Less resilient 2 copies of the data with CCR->CCR as opposed to 3 with CCR->CCR->SCR
Not recommended by Microsoft *** Although this is a supported solution it is not recommended by Microsoft

* I have made the assumption here that the solution will be deployed on Windows 2008 and that it is not possible to stretch a subnet between the data centres. If this is the case two nodes must be in different subnets. Following cluster failover the change in the IP address means that the client must wait to update its DNS entry before it will connect to the CMS. To quote Technet (Installing Cluster Continuous Replication on Windows Server 2008):

“…the name of the CMS does not change, but the IP address assigned to the CMS changes. Clients and other servers that communicate with a CMS that has changed IP addresses will not be able to re-establish communications with the CMS until DNS has been updated with the new IP address, and any local DNS caches have been updated. To minimize the amount of time it takes to have the DNS changes known to clients and other servers, we recommend setting a DNS TTL value of five minutes for the CMS Network Name resource.”

If you are able to stretch a subnet then this disadvantage disappears.

** As CCR makes use of asynchronous replication the requirements of the network are not difficult to meet. However by stretching CCR you need to be more confident of the reliability and performance of the underlying network.
*** See Site Resilience Configurations

And so just to finish off this discussion there is also the issue of Failover\Failback following the loss of a data centre.

It often appears that a stretched cluster makes it easier to failover and failback following the loss and subsequent rebuild of a primary data centre. It is important to remember that the 2 node cluster is a majority node set cluster and as such uses a File Share Witness (FSW) to maintain quorum. In effect therefore it is a 3 node cluster with 2 of the 3 nodes in the primary data centre. This means that in the event of the loss of the primary data centre there are a series of steps to follow to ‘force’ the passive node online when it cannot contact the FSW. (Placing the FSW in the secondary data centre in the 1st place is not recommended because if you lose the link between the data centres you have lost access to the FSW which is deemed more likely to occur than complete data centre failure.) To failback to the primary data centre must be very carefully managed since there may be for a time 2 FSW’s and 2 instances of the same set of databases. The likelihood is that the formerly active node will need to be rebuilt and\or the databases reseeded. This process can be more time consuming and difficult to manage than with CCR->CCR->SCR where failback steps are better documented and understood.

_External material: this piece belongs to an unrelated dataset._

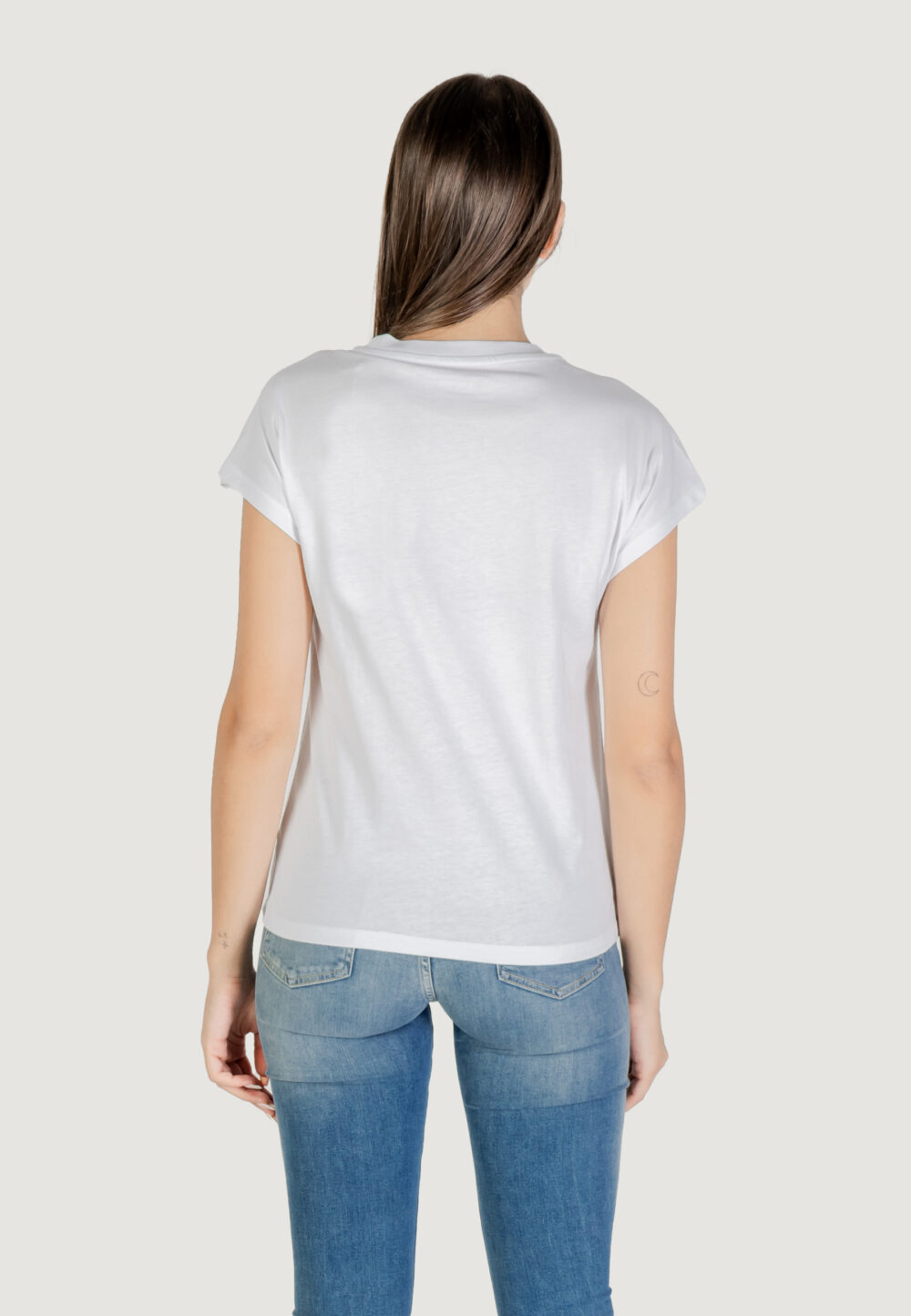T-shirt Guess CN SS 4G SHADED HOTFIX Bianco - Foto 5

So in my opinion you should deploy a combination of CCR\SCR where possible.  However if you are confident that you understand all the issues related to stretching CCR and that you can manage the solution successfully then I believe it is a viable option...

Comments

  • Anonymous
    January 08, 2009
    The comment has been removed
  • Anonymous
    January 08, 2009
    The comment has been removed
  • Anonymous
    February 23, 2009
    The comment has been removed
  • Anonymous
    February 23, 2009
    SCR is unlikely to be any help with a logical type of corruption since you are unlikely to know what caused the corruption in terms of a transaction within the log stream.  Recovery mechanism would likely be to move mailboxes to a new database, perhaps in combination with a restore (as well as fix the root cause of the problem).  CCR does protect you from physical corruption since if a database is damaged you can failover to the second node (or restore if you don't want to fail the entire server over [again once you've fixed the root cause]).  If it is a transaction log that is damaged the replication service will not replay that log into the second database.  You wouldn't invoke SCR to recover from a database corruption in my opinion.